In this sense this lecture is a perfect example of research-oriented teaching -- one of the building blocks of JGU Mainz. As a downside, this implies that there is no textbook that covers all the material which is taught in the course. Students will be rewarded for this lack by an insight into state-of-the art research and thinking.
The lecture and the tutorial are held in English. The course is based on articles from the literature which students should read. These papers will be announced in the lecture.
The lecture consists of the following four parts
1) Introduction and emotional economics
2) Behavioural economics
3) How behavioural macro could look like
The slides for the lecture are available in the JGU Reader.
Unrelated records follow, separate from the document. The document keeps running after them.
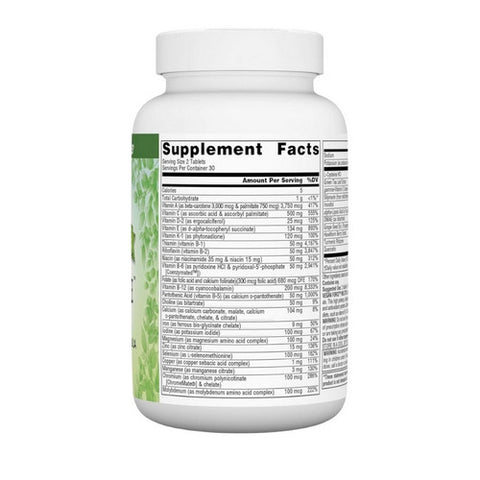 Source Naturals, Vegan True Vegan Force Multiple, 60 Tabs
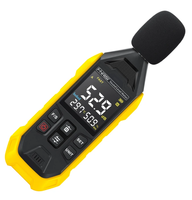 FNIRSI FDM01 Instrument de mesure du bruit Sonomètre numérique portable Testeur de niveau sonore DB 30~130dB Instruments audio électriques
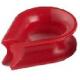 Open Nylon Rope Thimbles Red Playground Equipment Spares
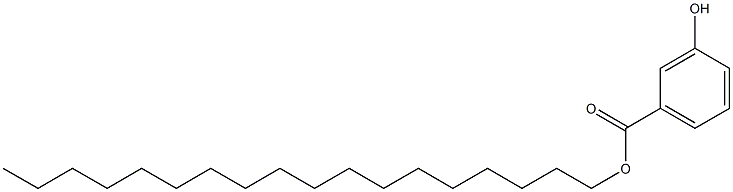 3-Hydroxybenzoic acid octadecyl ester|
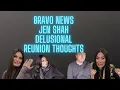 Bravo news Jen shah delusions Twitter reunion thoughts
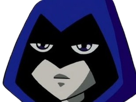 raven-teen-titans-violet-pourpre-dc-comics-demi-demone-trichoporphyree-indigo-capuche
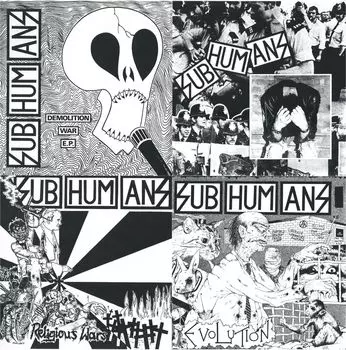 Виниловая пластинка LP EP LP - Subhumans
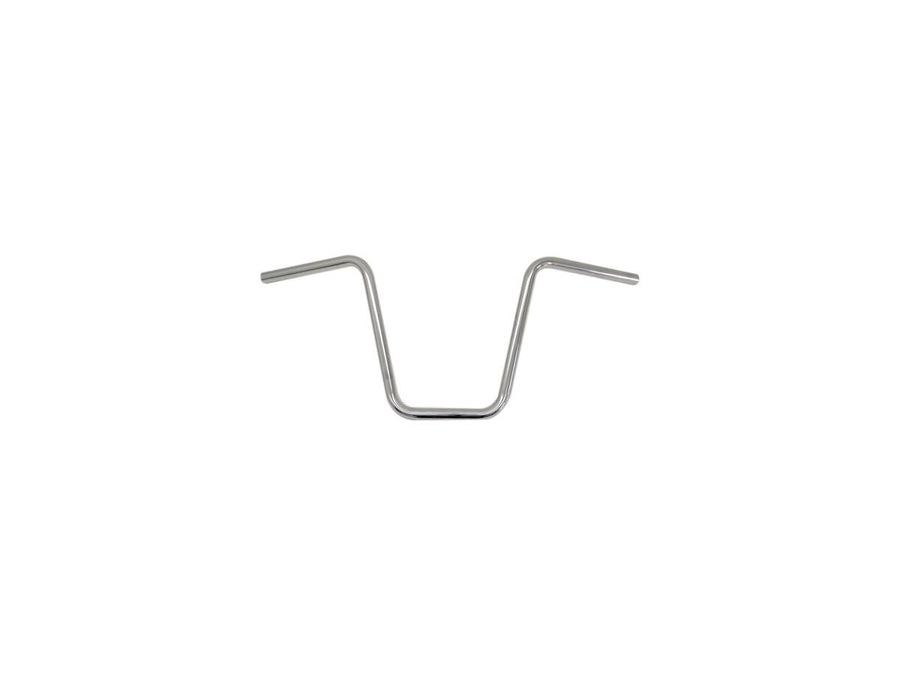 Harley Davidson-350 Stretto Handbar per appendiabiti con ammaccature, cromo a 3 buche, treni a gas da 1 "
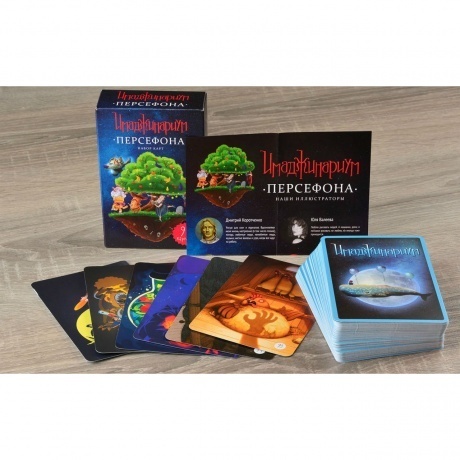 Настольная игра Cosmodrome Games: Имаджинариум набор карт "Персефона" - фото 6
The tutorial also offers various innovations. Three tutorials will be held in the standard classroom style. The other three will take place in the computer pool. Students will get to know matlab, a widely used software that allows to compute numerical solutions. The importance of matlab of course goes much beyond behavioural macroeconomics, economics or business administration. It is used in finance, in mathematics and in many other fields. Large banks and insurance companies also use matlab (or closely related other numerical software). Students will learn matlab from scratch (no previous programming experience is required) and learn how to plot figures, run loops, use if-conditions and solve differential equations. All of this will be taught using the questions on the problem sets of this course. A close link between economic intuition and numerical solutions will always be present.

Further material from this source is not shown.